Eat regularly. Don’t eat less the day of a big party so that you’ll have “room” to eat a lot later. Eat regular, small meals throughout the day. This will keep you from getting too hungry and overeating at the event.
Eat before you go. If you’re worried about resisting the delicious but unhealthy foods at the event, eat a nutritious snack before you go. It will take the edge off your appetite and keep you from overeating.
Use a small plate. Research shows we tend to fill our plates, no matter what size they are. So choose a small plate and you won’t be able to fit as much on it.
Start simple. Fill your plate with veggies, fruits, green salads, and lean meats. If you see a yummy looking side dish that is high in calories, take just a taste of it. You can go back for more later, if you’re still hungry. Chances are, after filling up on all that healthy food, you won’t be too hungry. You’ll be better able to resist the casseroles and gravies that looked so good at first.
Wait. After you’ve eaten your small plate of healthy choices, wait 10 minutes or so. This will give your brain the time it needs to tell your stomach if it’s full. Often, after that amount of time, our hunger cravings will be satisfied.
Limit alcohol. When you get to the party, start off with a low-calorie, non-alcoholic drink, such as sparkling water or a diet soda. This will help quench your thirst. Alternate alcoholic drinks with non-alcoholic ones throughout the evening, and watch what your mixing your alcohol with for calories and sugar content.
When you eat, eat mindfully. Savor each bite. Put your fork down between bites. Focus on the flavor and enjoy what you’re eating.
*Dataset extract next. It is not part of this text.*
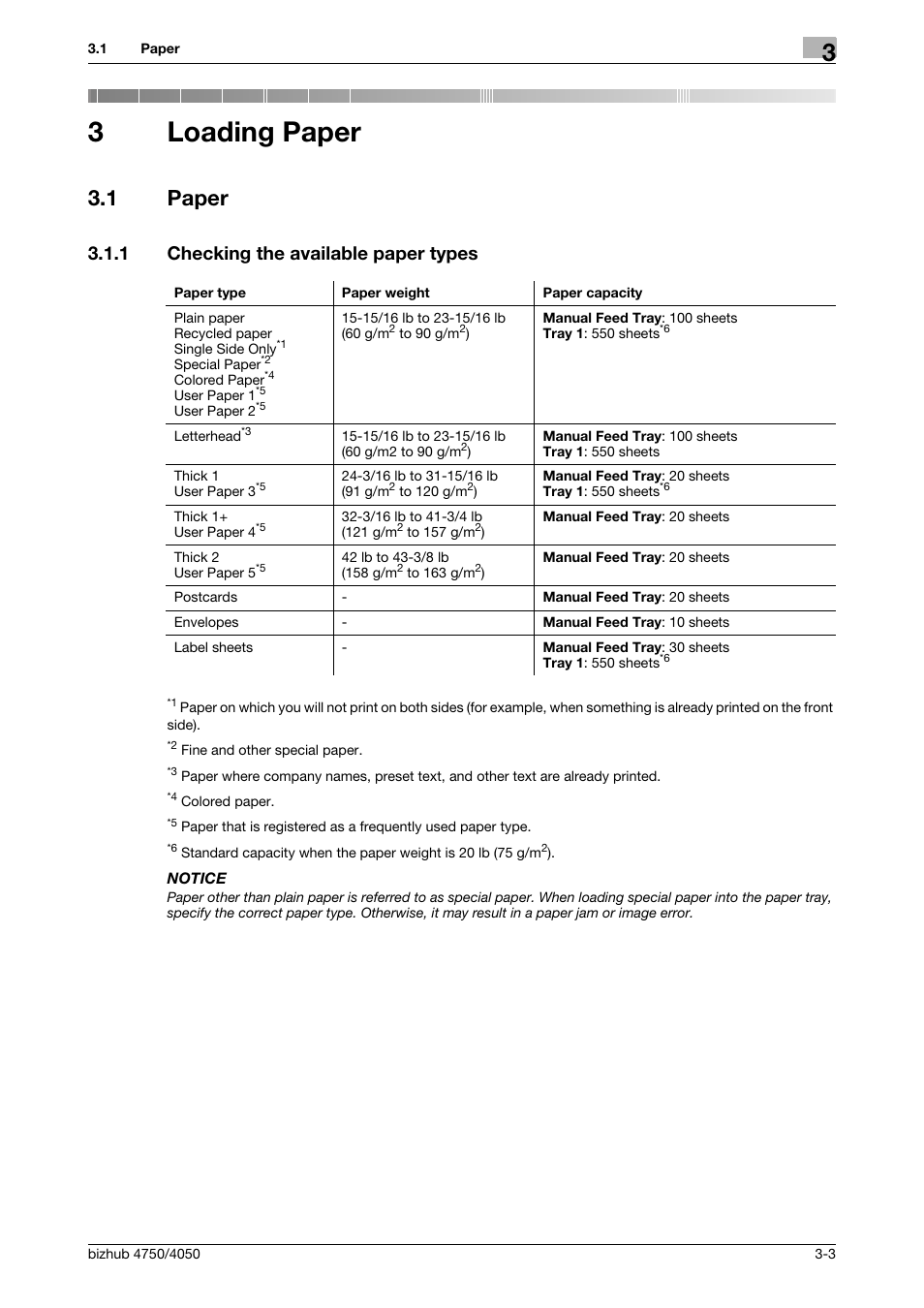 3 loading paper, 1 paper, 1 checking the available paper types | Loading paper, Paper -3, Checking the available paper types -3, 3loading paper | Konica Minolta bizhub 4050 User Manual | Page 29 / 70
Socialize away from the food. If you’re standing around talking at a party, do it away from the food. You’ll be less likely to spot something that you can’t resist.
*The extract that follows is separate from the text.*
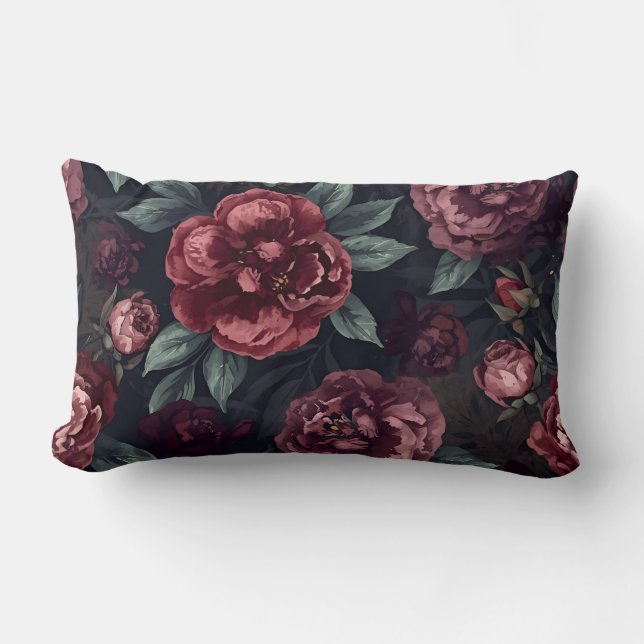 Moody Florals Watercolor Dark Red Pattern Lumbar Cushion (Front)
Find activities that don’t involve food. Take a walk. Grab a few family members and take a stroll around the neighborhood. Play football in the yard, or engage others in a board game. Take the focus off the food.
Eat close to your usual times to keep your blood sugar steady. If your meal is served later than normal, eat a small snack at your usual mealtime and eat a little less when dinner is served.
If you have a sweet treat, cut back on other carbs (like potatoes and bread) during the meal.
If you slip up, get right back to healthy eating with your next meal.
No food is on the naughty list. Choose the dishes you really love and can’t get any other time of year. Your mom’s famous pumpkin pie maybe? Slow down and savor a small serving.
Keep Moving. You’ve got a lot on your plate this time of year, and physical activity can get crowded out. But being active is your secret holiday weapon; it can help make up for eating more than usual and reduce stress during this most stressful time of year. Get moving with friends and family, such as taking a walk after a holiday meal.
Get Your Sleep. Going out more and staying out later often means cutting back on sleep. Sleep loss can make it harder to manage your blood sugar, and when you’re sleep deprived you’ll tend to eat more and prefer high-fat, high-sugar food. Aim for 7 to 8 hours per night to guard against mindless eating.